_THE PROBLEM_
All lines below containing "Wheel" are to be listed.
*** Opening DATA TO USE ***
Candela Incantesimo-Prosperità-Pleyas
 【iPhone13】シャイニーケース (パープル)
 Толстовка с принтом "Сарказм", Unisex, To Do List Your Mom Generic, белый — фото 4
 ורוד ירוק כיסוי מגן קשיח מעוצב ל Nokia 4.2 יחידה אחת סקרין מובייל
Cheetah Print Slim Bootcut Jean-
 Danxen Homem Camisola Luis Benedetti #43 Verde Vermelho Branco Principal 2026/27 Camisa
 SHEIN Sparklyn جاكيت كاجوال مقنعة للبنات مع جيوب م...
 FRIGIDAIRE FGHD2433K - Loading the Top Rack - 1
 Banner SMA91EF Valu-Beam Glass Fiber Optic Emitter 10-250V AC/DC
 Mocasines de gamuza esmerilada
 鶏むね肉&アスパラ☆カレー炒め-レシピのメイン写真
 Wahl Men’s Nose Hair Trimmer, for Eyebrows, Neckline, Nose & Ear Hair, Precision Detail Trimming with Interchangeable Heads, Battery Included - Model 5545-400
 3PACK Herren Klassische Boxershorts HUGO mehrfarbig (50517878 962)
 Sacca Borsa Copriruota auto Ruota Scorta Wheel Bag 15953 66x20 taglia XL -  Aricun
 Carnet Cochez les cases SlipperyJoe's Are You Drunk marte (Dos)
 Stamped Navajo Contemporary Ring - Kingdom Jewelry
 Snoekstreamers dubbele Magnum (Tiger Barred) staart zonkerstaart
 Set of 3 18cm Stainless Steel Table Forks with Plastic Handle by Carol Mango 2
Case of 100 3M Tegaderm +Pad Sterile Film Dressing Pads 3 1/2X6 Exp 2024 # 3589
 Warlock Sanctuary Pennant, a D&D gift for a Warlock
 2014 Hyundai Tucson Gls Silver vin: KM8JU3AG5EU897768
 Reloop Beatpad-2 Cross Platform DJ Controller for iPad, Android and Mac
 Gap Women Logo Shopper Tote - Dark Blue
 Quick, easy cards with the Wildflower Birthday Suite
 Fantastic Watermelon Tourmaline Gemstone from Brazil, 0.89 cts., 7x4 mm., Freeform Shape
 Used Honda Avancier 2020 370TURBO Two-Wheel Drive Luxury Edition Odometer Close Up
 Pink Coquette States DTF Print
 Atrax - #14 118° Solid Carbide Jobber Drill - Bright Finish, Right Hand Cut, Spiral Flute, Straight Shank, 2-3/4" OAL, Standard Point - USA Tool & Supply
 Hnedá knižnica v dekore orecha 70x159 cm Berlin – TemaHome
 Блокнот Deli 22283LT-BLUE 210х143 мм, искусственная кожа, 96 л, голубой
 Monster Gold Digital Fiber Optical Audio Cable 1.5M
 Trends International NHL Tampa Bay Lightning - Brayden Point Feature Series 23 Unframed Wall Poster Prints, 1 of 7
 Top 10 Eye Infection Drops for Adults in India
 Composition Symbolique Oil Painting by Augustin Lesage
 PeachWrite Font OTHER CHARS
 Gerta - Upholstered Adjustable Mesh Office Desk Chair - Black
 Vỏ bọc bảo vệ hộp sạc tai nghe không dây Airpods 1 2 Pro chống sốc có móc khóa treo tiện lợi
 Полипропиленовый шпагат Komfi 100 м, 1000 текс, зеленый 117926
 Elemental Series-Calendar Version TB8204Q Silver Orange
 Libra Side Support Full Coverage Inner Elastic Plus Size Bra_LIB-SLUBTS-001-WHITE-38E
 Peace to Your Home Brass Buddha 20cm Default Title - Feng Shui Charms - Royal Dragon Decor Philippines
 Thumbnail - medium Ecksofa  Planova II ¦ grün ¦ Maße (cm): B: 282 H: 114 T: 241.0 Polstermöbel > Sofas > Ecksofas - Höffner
*** Closing DATA TO USE ***
_RESULT BELOW_
 Sacca Borsa Copriruota auto Ruota Scorta Wheel Bag 15953 66x20 taglia XL -  Aricun
 Used Honda Avancier 2020 370TURBO Two-Wheel Drive Luxury Edition Odometer Close Up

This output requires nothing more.